* _Extracted data_:
== == ==

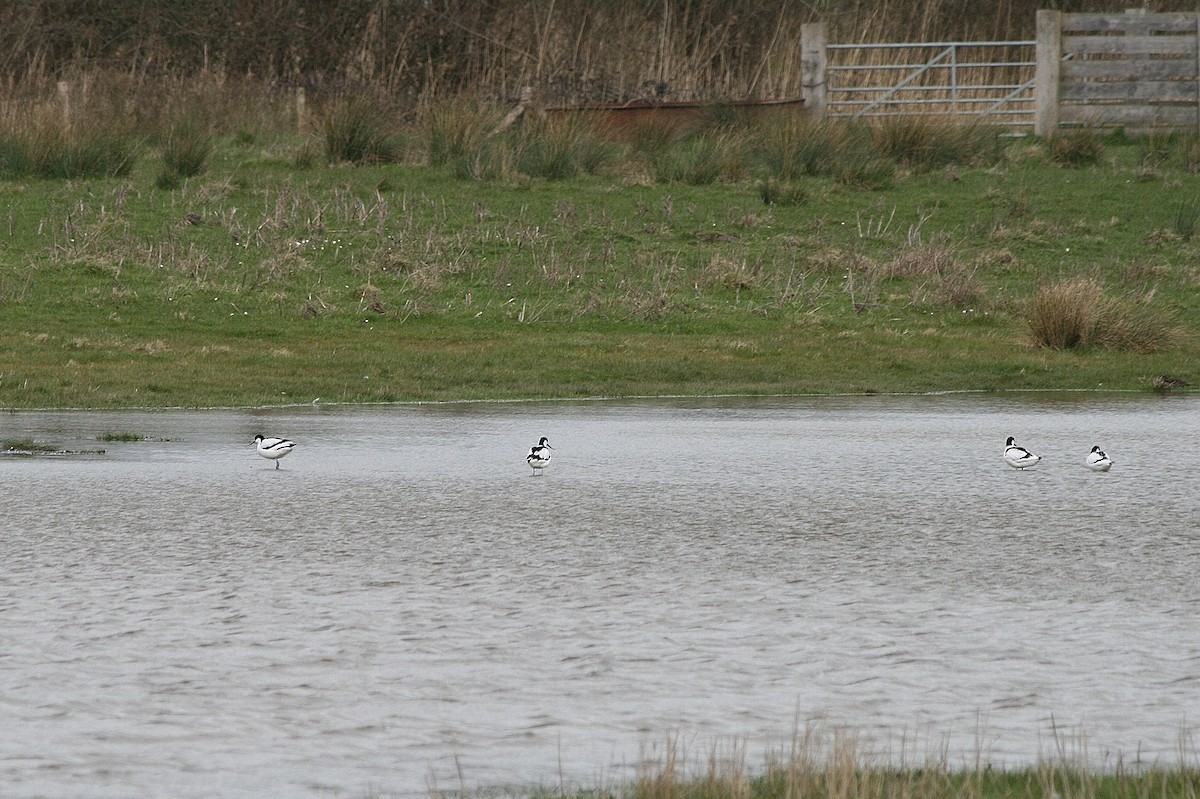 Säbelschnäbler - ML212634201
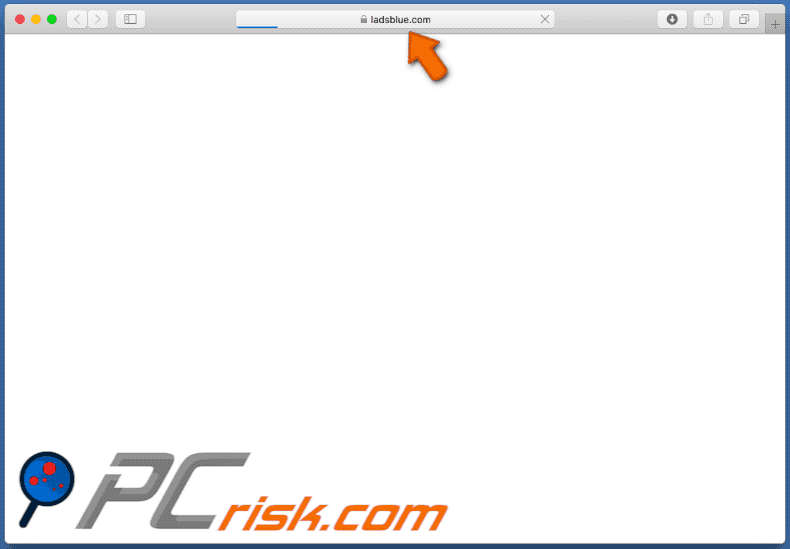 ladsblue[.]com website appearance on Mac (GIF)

== == ==

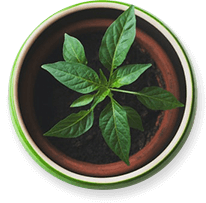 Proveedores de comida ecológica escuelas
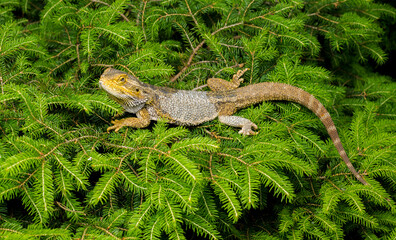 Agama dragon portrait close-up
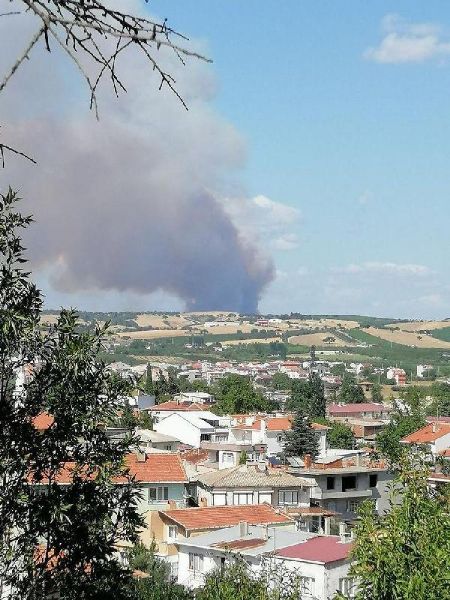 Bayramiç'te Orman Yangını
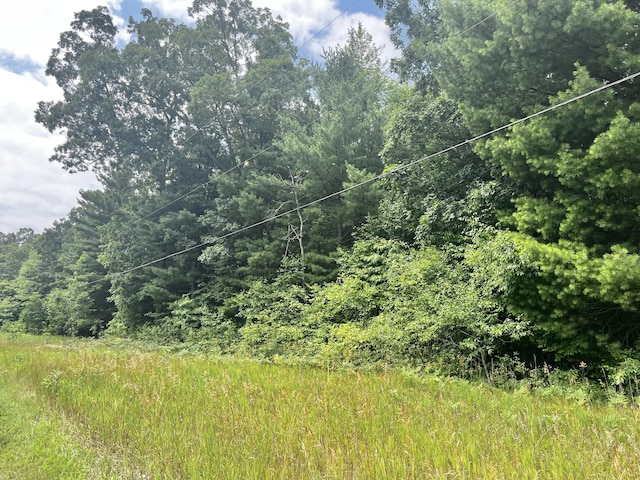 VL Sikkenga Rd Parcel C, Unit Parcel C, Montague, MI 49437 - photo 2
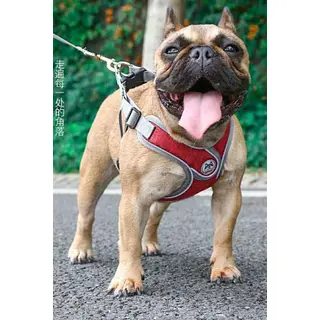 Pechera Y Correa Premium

== == ==

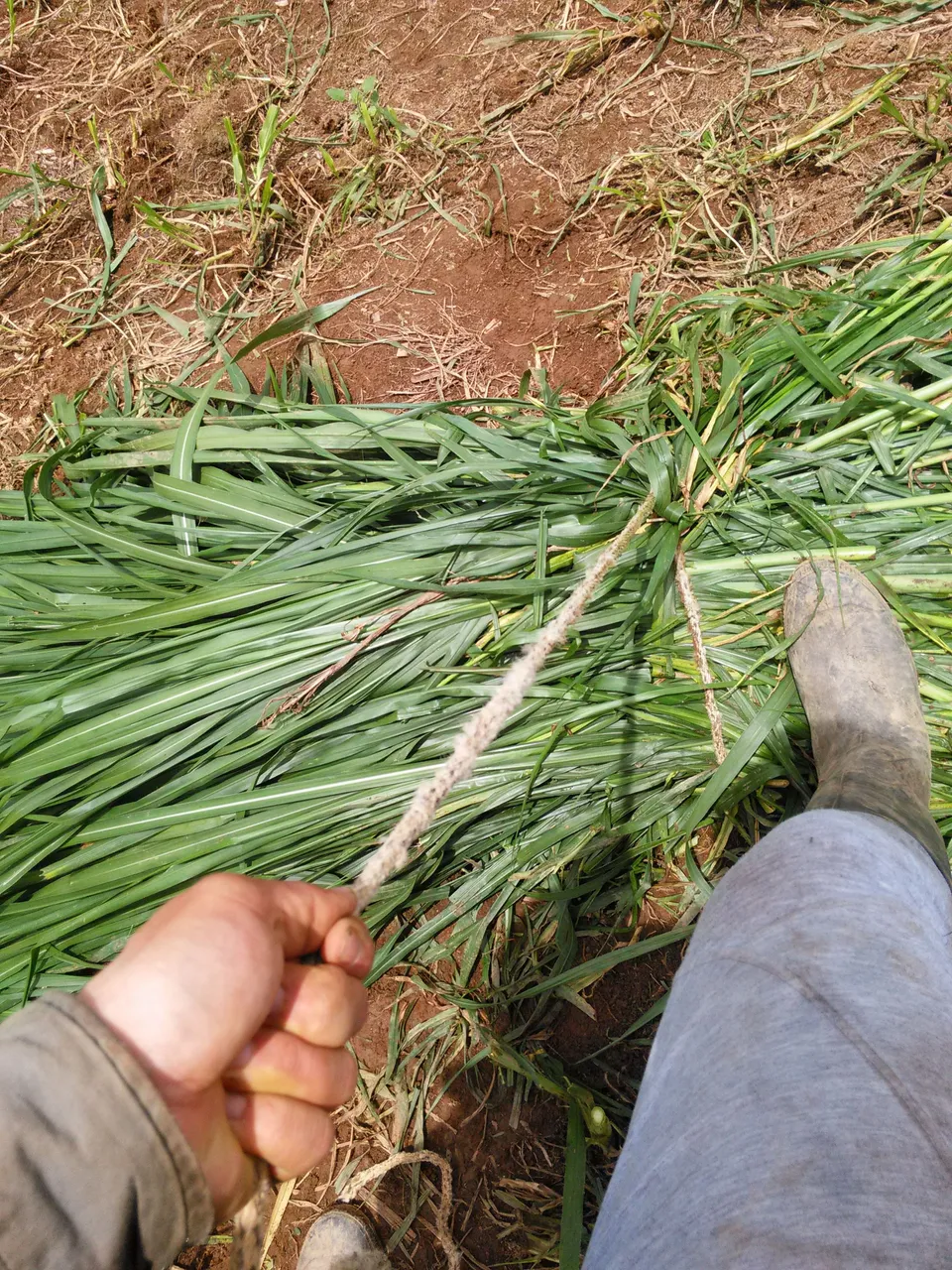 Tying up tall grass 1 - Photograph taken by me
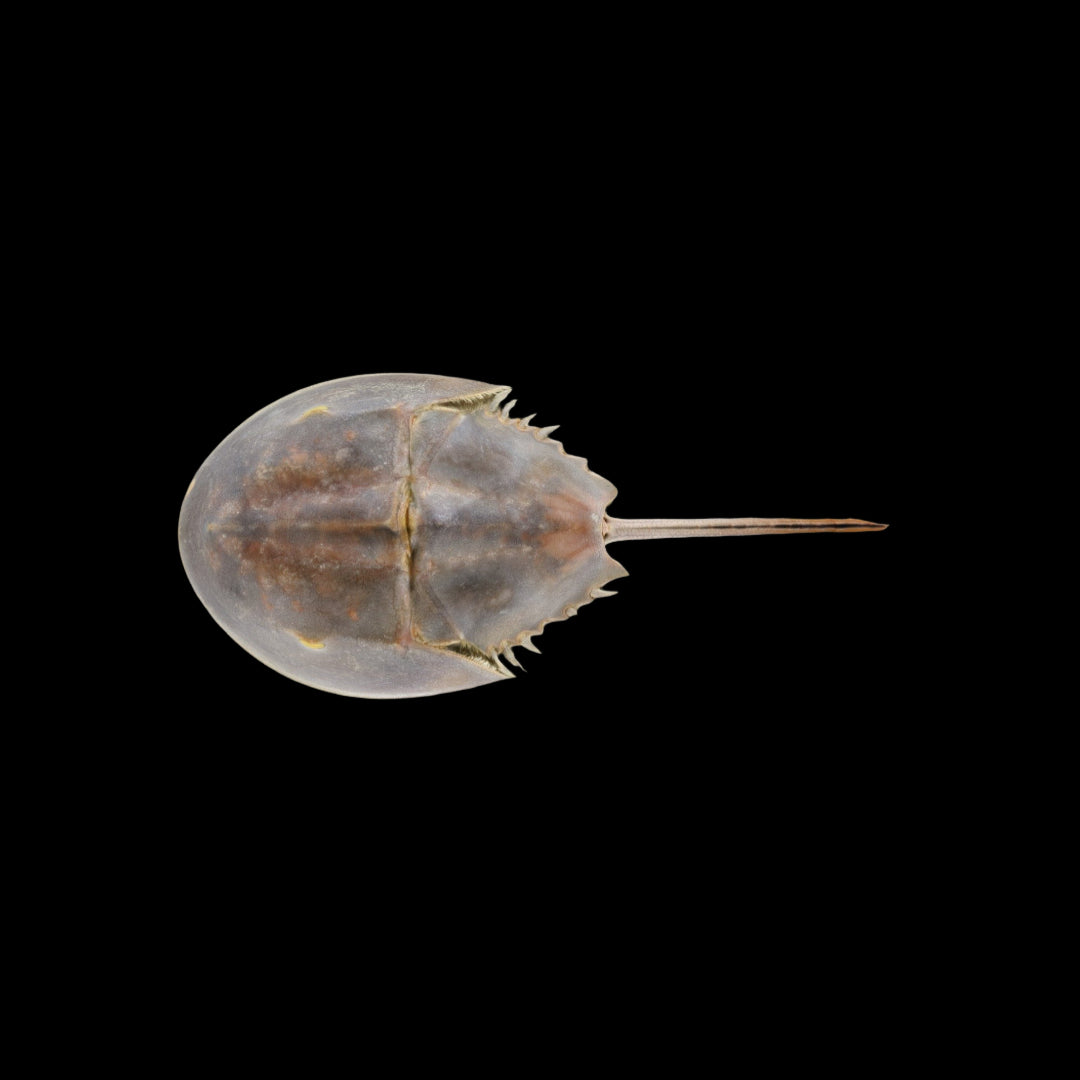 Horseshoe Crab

== == ==

Return the lines above from the one with "Agama dragon portrait close-up" through the one with "Pechera Y Correa Premium", verbatim and nothing else. Omit every picture.

 Agama dragon portrait close-up
 Bayramiç'te Orman Yangını
 VL Sikkenga Rd Parcel C, Unit Parcel C, Montague, MI 49437 - photo 2
 Pechera Y Correa Premium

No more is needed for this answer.